9 Toen antwoordde Doeg, de Edomiet--hij stond bij de dienaren van Saul--en zeide: Ik heb den zoon van Izai te Nob bij Ahimelech, den zoon van Ahitub, zien komen.

10 Deze heeft den Heer voor hem geraadpleegd, hem teerkost verstrekt en het zwaard van Goliath, den Filistijn, gegeven.

11 Nu ontbood de koning den priester Ahimelech, den zoon van Ahitub, met zijn ganse familie, de priesterschap van Nob. Toen zij allen bij den koning waren gekomen,

12 zeide Saul: Luister eens, zoon van Ahitub Deze zeide: Hier ben ik, mijn heer.

13 Saul zeide tot hem: Waarom hebt gij met den zoon van Izai tegen mij samengespannen, door hem brood en een zwaard te geven en voor hem de godheid te raadplegen, dat hij als belager tegen mij zou opstaan, zoals thans het geval is?

14 Ahimelech antwoordde den koning en zeide: Wie onder al uw dienaren is als David? betrouwbaar, schoonzoon des konings, toegang hebbende tot uw naaste omgeving, een geeerd man in uw huis!

15 Ben ik heden begonnen de godheid voor hem te raadplegen? Verre van dien! Legge dan de koning zijn dienaar en het ganse huis zijns vaders niets te laste; want uw dienaar wist van dit alles niets, klein noch groot.

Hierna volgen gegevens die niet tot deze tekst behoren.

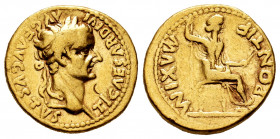 Tiberius. Aureus. 14-37 d.C. Lugdunum. (Ric-I 29). (Bmcre-46). Anv.: TI CAESAR DIVI AVG F AVGVSTVS, laureate head to right. Rev.: PONTIF MAXIM, Livia,...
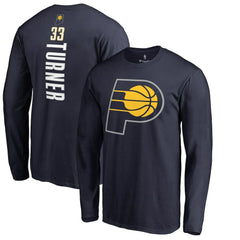 NBA - Myles Turner Indiana Pacers Long Sleeve Backer Name and Number T-Shirt - Navy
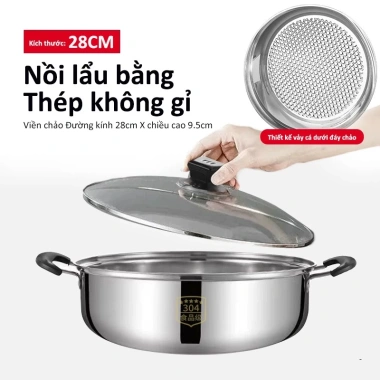 Nồi lẩu inox 304, chống dính, nắp kính, dùng mọi bếp 28‑32cm - Giá chỉ 189.999₫ 10 Nồi lẩu inox 304, chống dính, nắp kính, dùng mọi bếp 28‑32cm - Giá chỉ 189.999₫ 10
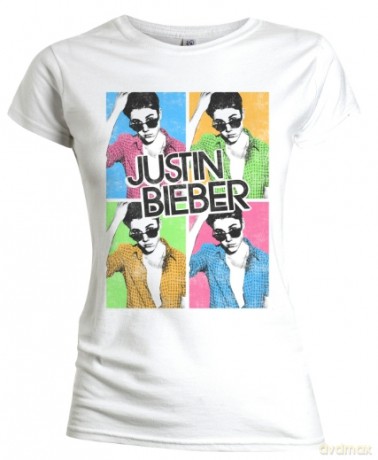 Justin Bieber: Pop Art, White, Skinny (L) [T-SHIRT]
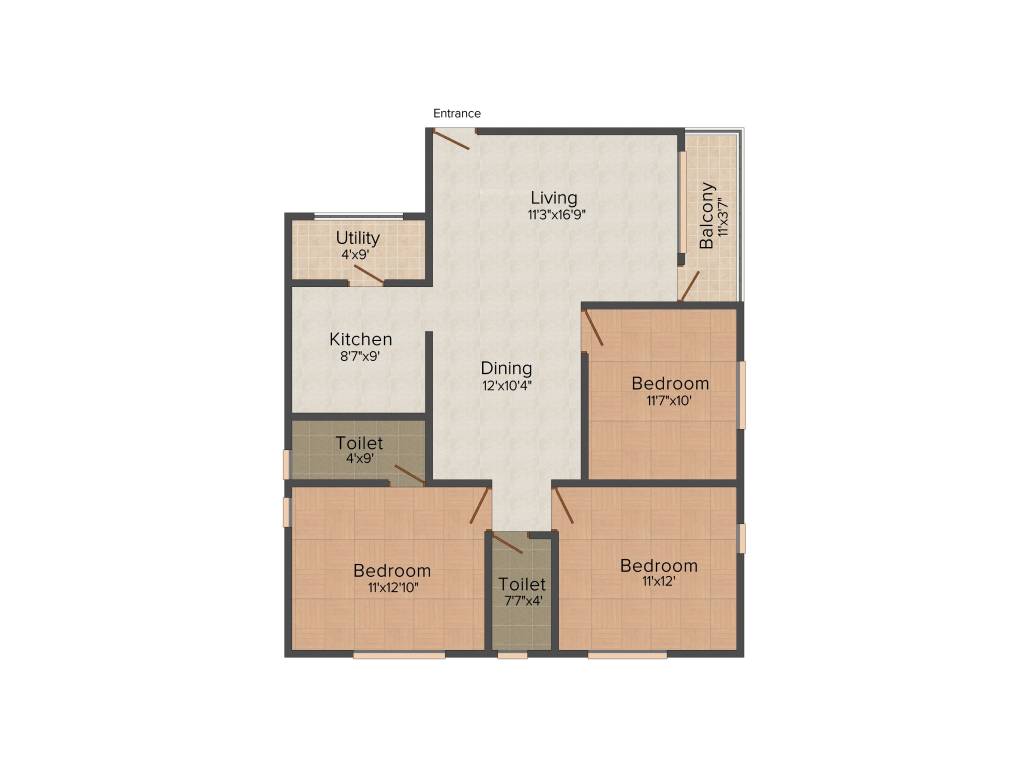 Rajkham Silver Crest (3BHK+2T (1,344 sq ft) 1344 sq ft)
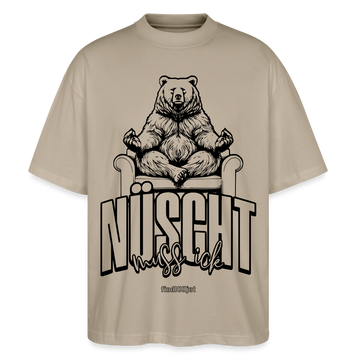 NÜSCHT MUSS ICK-Unisex Oversize Bio-T-Shirt - Steingrau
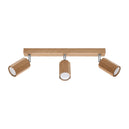 Wooden Ceiling Light With 3 Zeke Lamps - Peach Puff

16 Doch de koning zeide: Zonder genade zult gij, Ahimelech, met uw ganse familie ter dood gebracht worden.

17 En de koning zeide tot de trawanten, die bij hem stonden: Keert u tegen de priesters van den Heer en brengt hen ter dood; want ook zij zijn op de hand van David, zij hebben geweten dat hij op de vlucht was en hebben het mij niet medegedeeld. Maar de dienaren des konings wilden de hand niet uitsteken, om 's Heeren priesters neer te stoten.

18 Daarom zeide de koning tot Doeg: Keer gij u tegen de priesters en stoot hen neer! En Doeg, de Edomiet, keerde zich tegen de priesters, stiet hen neer en doodde op dien dag vijf en tachtig man, allen dragers van het linnen schouderkleed.

19 Ook de priesterstad Nob sloeg hij met het scherp des zwaards: zowel mannen als vrouwen, kinderen als zuigelingen, runderen, ezels en schapen, met het scherp des zwaards.

20 Slechts een zoon van Ahimelech, den zoon van Ahitub, met name Abjathar, ontsnapte en vluchtte David achterna.

21 Toen nu Abjathar aan David mededeelde dat Saul de priesters van den Heer had omgebracht,

22 zeide David tot Abjathar: Ik heb dien dag wel geweten dat Doeg, de Edomiet, daar was en het stellig aan Saul zou mededelen; ik ben de oorzaak geworden van den ondergang van uw gehele familie.

23 Blijf bij mij; vrees niet. Want wie u naar het leven staat staat mij naar het leven; gij zijt een mij toevertrouwd pand.